Laurel Amberdine opens her story, “Reflected Across the Dark” (Arsenika), with a description of what is going strange within the world of her story: “The portals began appearing four months ago. We were curious, like everyone, but they were rare and strange and didn’t matter. I thought it might be a hoax, but you believed in them. You believe in everything.” This not only serves to build up what exactly is the science fictional aspect of the story but also allows a succinct glimpse into the relationships of the story’s world. The line between skepticism and belief, and the interpretations of those elements within two siblings’ relationship. By setting up the differences early, the reader is able to understand how they act as halves of a whole, an element that ends up being crucial to the story’s plot later.

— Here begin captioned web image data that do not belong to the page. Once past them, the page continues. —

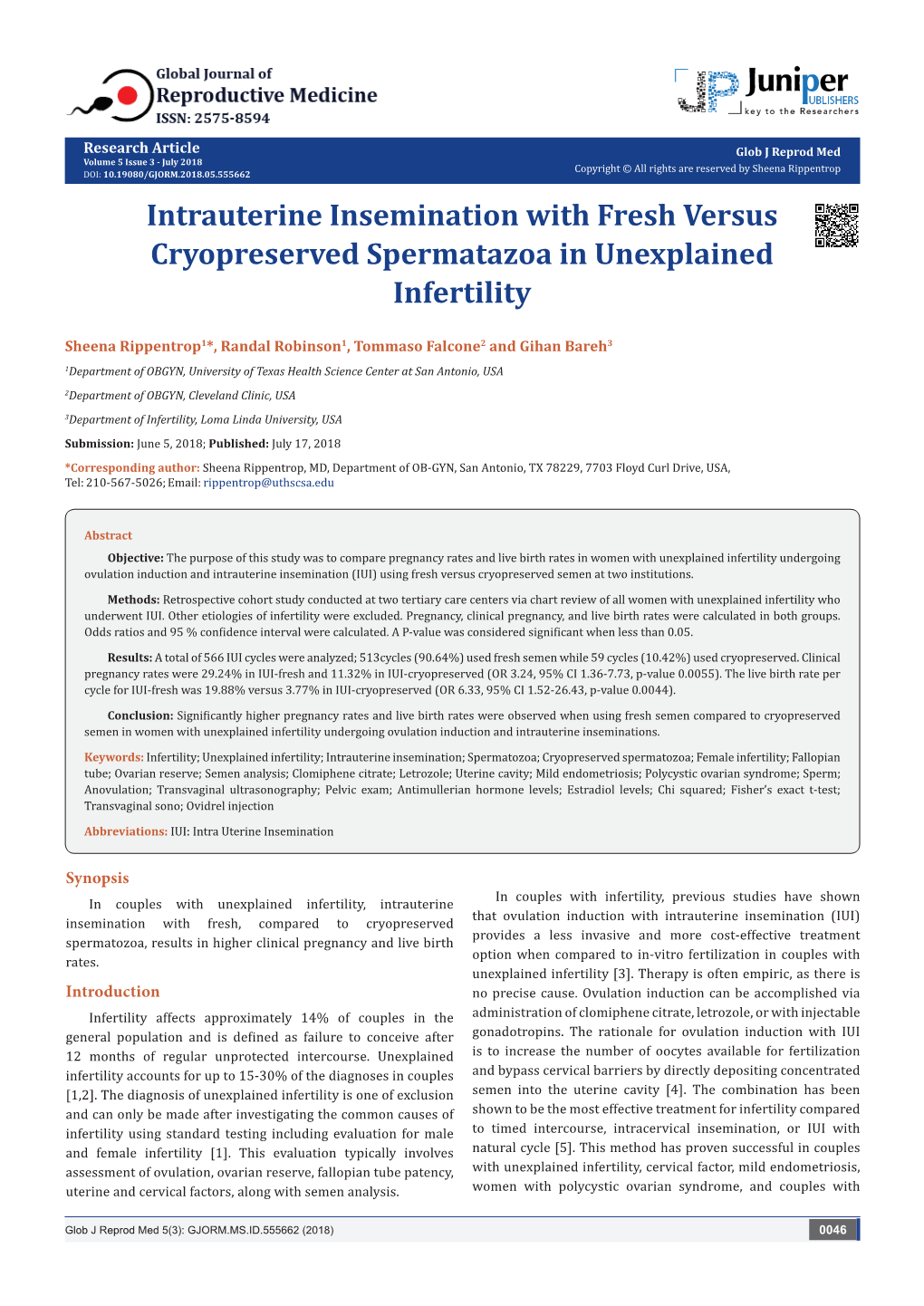 Intrauterine Insemination with Fresh Versus Cryopreserved Spermatazoa in Unexplained Infertility
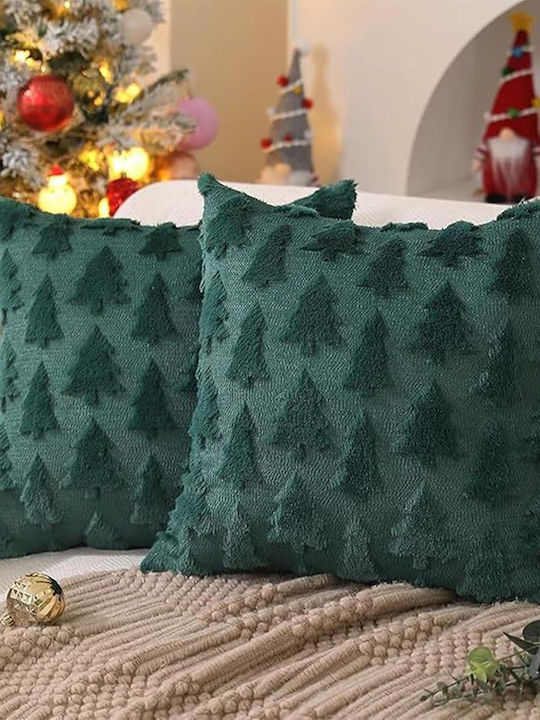 Set 2 Velvet Decorative Christmas Pillowcases Christmas Trees 50x50 Cm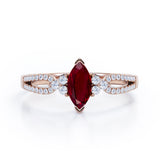 Affordable 1.45 Carat Marquise Cut Lab-Created Ruby And Diamond Double Shank Engagement Ring In White Gold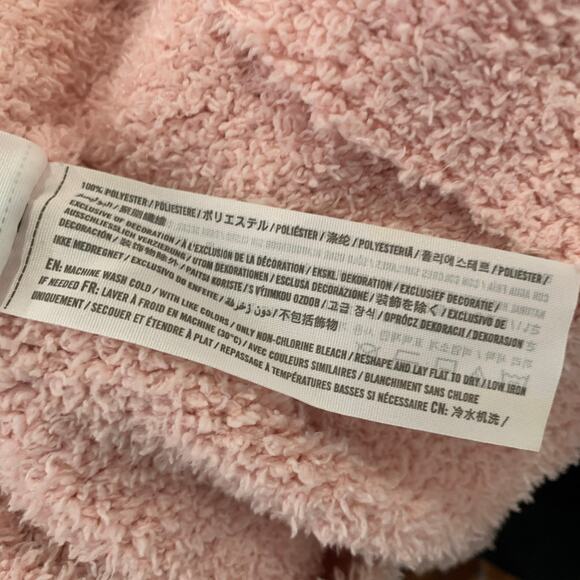 Hollister Sweater Womens Large Pink Fuzzy Soft Cutout Back Cozy Comfy Teddy Core - Picture 9 of 10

In all three of these stories world-building is in service of the characters of the piece rather than just the world of the piece. We see relationships and the way the characters react to the world as part of how we come to understand and learn about that world. By informing us through these devices, it never feels like information dumping.
The way that authors choose to create and explore their science fiction world often hinges not on what they’re trying to say, not about the world they’ve created, but rather about the characters populating that world. In a novel, where space is unlimited, this world-building can be accomplished over a greater expanse of time, but it often becomes weighted down by this. However, in flash fiction, where an author is forced to quickly build up and sustain a world while also pushing a story forward and engaging a reader with the characters, the world-building, when done well, always feels dynamic and doesn’t jump out to the reader as being purely world-building. Writers of longer works of science fiction might do well to look at the flash science fiction currently available.